Short web captions:
********************

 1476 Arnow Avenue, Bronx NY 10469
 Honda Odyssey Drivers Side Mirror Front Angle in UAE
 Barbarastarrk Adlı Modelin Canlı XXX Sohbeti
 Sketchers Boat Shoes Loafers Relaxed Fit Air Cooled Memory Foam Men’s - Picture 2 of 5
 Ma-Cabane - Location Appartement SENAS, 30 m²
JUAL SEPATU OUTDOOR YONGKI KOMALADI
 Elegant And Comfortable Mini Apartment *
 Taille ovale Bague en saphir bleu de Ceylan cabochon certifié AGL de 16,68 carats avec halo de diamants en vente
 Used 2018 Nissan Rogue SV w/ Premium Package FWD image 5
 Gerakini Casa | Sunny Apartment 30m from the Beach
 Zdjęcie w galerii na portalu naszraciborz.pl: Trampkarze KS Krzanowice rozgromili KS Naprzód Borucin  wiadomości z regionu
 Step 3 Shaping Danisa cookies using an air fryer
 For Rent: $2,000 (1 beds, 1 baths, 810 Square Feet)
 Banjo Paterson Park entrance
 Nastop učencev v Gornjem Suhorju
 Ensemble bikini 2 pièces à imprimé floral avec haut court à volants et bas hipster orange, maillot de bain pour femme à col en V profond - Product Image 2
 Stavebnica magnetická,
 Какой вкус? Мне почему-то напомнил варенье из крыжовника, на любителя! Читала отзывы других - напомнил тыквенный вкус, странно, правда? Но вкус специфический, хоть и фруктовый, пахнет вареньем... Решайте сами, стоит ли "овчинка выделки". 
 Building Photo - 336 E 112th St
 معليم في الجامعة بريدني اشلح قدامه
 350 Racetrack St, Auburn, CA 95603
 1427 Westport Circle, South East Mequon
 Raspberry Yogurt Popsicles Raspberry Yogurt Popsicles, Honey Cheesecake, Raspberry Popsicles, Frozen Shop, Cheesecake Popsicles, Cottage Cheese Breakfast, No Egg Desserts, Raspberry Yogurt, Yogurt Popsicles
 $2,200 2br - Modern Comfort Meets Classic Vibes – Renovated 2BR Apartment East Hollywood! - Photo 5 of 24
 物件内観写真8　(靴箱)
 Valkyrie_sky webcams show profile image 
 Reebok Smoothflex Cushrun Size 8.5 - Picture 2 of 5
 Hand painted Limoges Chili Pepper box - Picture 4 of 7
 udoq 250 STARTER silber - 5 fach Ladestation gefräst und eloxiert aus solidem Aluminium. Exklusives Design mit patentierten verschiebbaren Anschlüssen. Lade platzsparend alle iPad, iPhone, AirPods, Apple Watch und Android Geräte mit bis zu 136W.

********************

→ PROMPT
Using the entries above, quote each line verbatim from the first through the line that contains "Hand painted Limoges".

→ EXERCISE RESPONSE
 1476 Arnow Avenue, Bronx NY 10469
 Honda Odyssey Drivers Side Mirror Front Angle in UAE
 Barbarastarrk Adlı Modelin Canlı XXX Sohbeti
 Sketchers Boat Shoes Loafers Relaxed Fit Air Cooled Memory Foam Men’s - Picture 2 of 5
 Ma-Cabane - Location Appartement SENAS, 30 m²
JUAL SEPATU OUTDOOR YONGKI KOMALADI
 Elegant And Comfortable Mini Apartment *
 Taille ovale Bague en saphir bleu de Ceylan cabochon certifié AGL de 16,68 carats avec halo de diamants en vente
 Used 2018 Nissan Rogue SV w/ Premium Package FWD image 5
 Gerakini Casa | Sunny Apartment 30m from the Beach
 Zdjęcie w galerii na portalu naszraciborz.pl: Trampkarze KS Krzanowice rozgromili KS Naprzód Borucin  wiadomości z regionu
 Step 3 Shaping Danisa cookies using an air fryer
 For Rent: $2,000 (1 beds, 1 baths, 810 Square Feet)
 Banjo Paterson Park entrance
 Nastop učencev v Gornjem Suhorju
 Ensemble bikini 2 pièces à imprimé floral avec haut court à volants et bas hipster orange, maillot de bain pour femme à col en V profond - Product Image 2
 Stavebnica magnetická,
 Какой вкус? Мне почему-то напомнил варенье из крыжовника, на любителя! Читала отзывы других - напомнил тыквенный вкус, странно, правда? Но вкус специфический, хоть и фруктовый, пахнет вареньем... Решайте сами, стоит ли "овчинка выделки". 
 Building Photo - 336 E 112th St
 معليم في الجامعة بريدني اشلح قدامه
 350 Racetrack St, Auburn, CA 95603
 1427 Westport Circle, South East Mequon
 Raspberry Yogurt Popsicles Raspberry Yogurt Popsicles, Honey Cheesecake, Raspberry Popsicles, Frozen Shop, Cheesecake Popsicles, Cottage Cheese Breakfast, No Egg Desserts, Raspberry Yogurt, Yogurt Popsicles
 $2,200 2br - Modern Comfort Meets Classic Vibes – Renovated 2BR Apartment East Hollywood! - Photo 5 of 24
 物件内観写真8　(靴箱)
 Valkyrie_sky webcams show profile image 
 Reebok Smoothflex Cushrun Size 8.5 - Picture 2 of 5
 Hand painted Limoges Chili Pepper box - Picture 4 of 7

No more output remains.